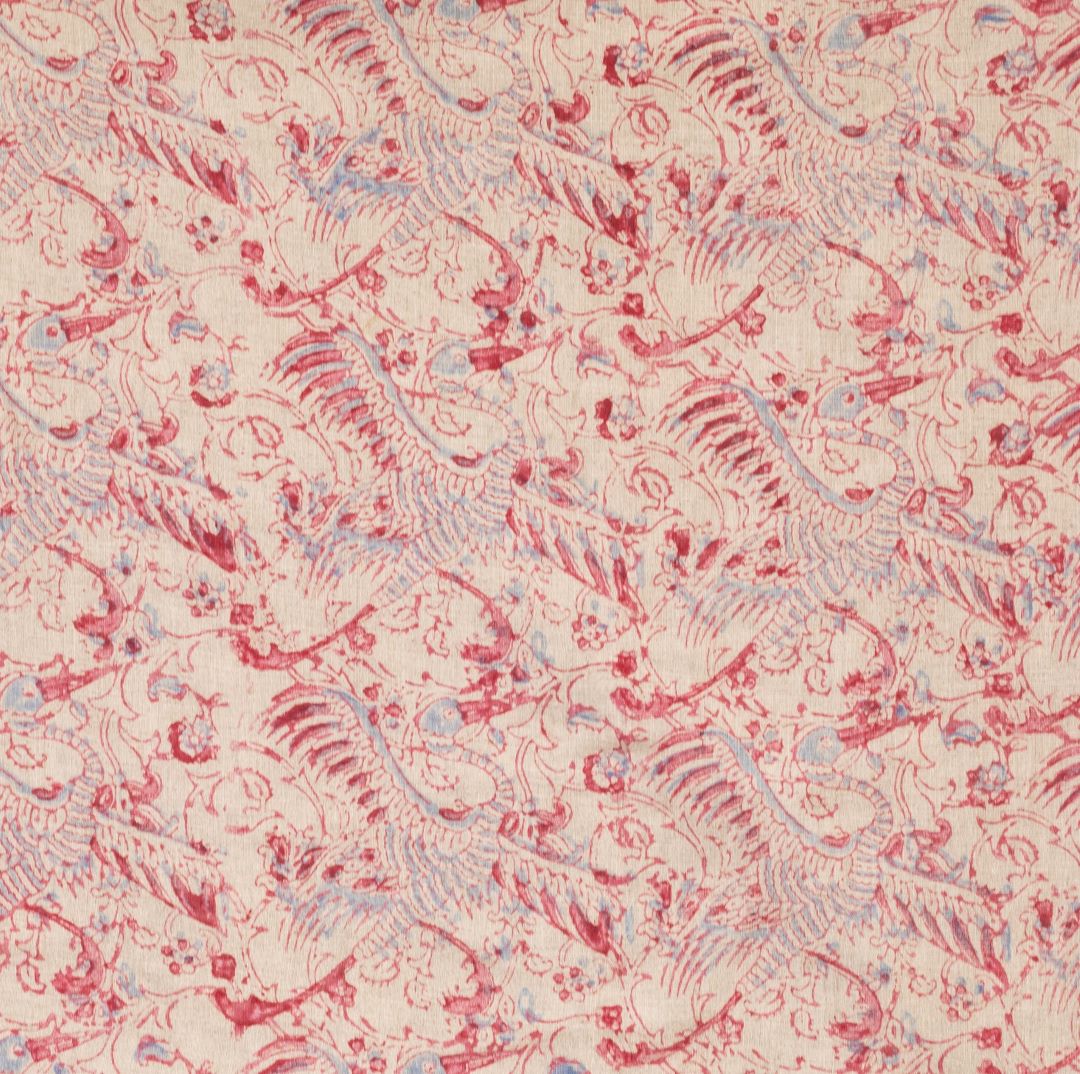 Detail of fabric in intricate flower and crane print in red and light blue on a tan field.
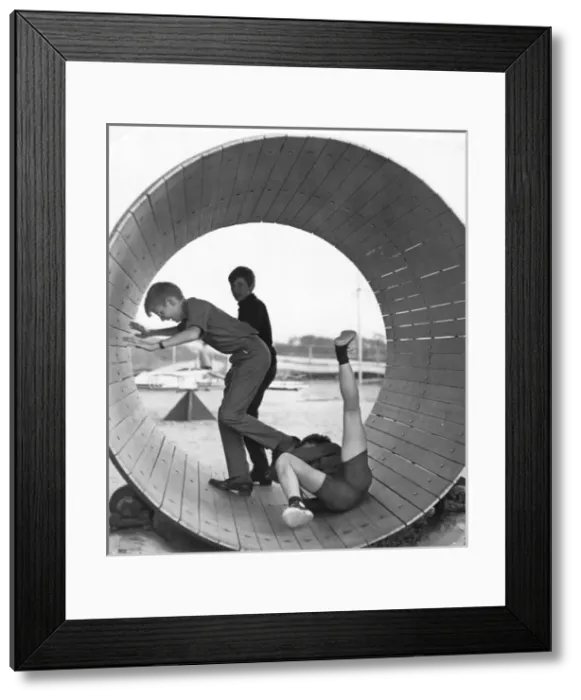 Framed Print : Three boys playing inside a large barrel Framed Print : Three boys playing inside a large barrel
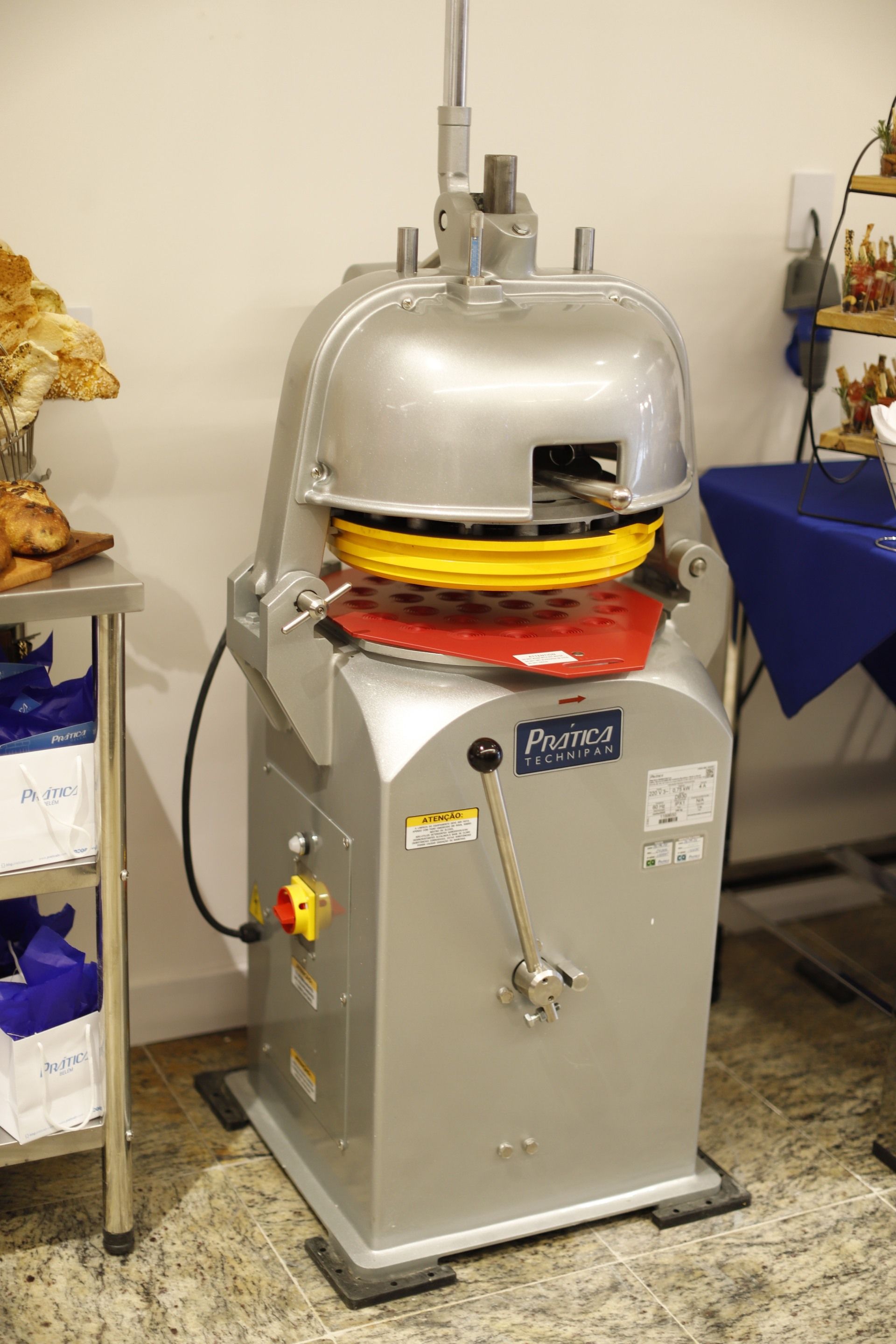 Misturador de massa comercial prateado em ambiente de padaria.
○ ○ ○ ○ ○
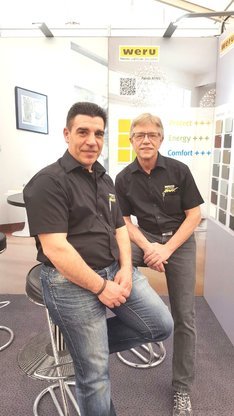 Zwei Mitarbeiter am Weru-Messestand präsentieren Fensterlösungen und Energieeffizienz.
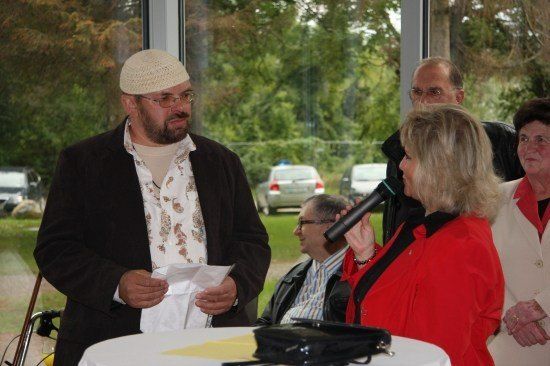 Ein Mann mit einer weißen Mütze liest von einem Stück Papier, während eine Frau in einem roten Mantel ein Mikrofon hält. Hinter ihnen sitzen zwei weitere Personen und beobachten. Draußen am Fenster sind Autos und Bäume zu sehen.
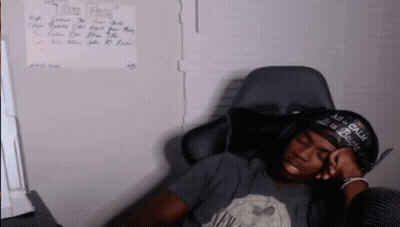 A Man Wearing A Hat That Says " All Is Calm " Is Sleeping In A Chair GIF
○ ○ ○ ○ ○
→ **Exercise**
In the listing above, find the line with "Ein Mann mit" and the line with "A Man Wearing". Set down exactly those lines and everything between them, skipping pictures.

→ **Task solution**
 Ein Mann mit einer weißen Mütze liest von einem Stück Papier, während eine Frau in einem roten Mantel ein Mikrofon hält. Hinter ihnen sitzen zwei weitere Personen und beobachten. Draußen am Fenster sind Autos und Bäume zu sehen.
 A Man Wearing A Hat That Says " All Is Calm " Is Sleeping In A Chair GIF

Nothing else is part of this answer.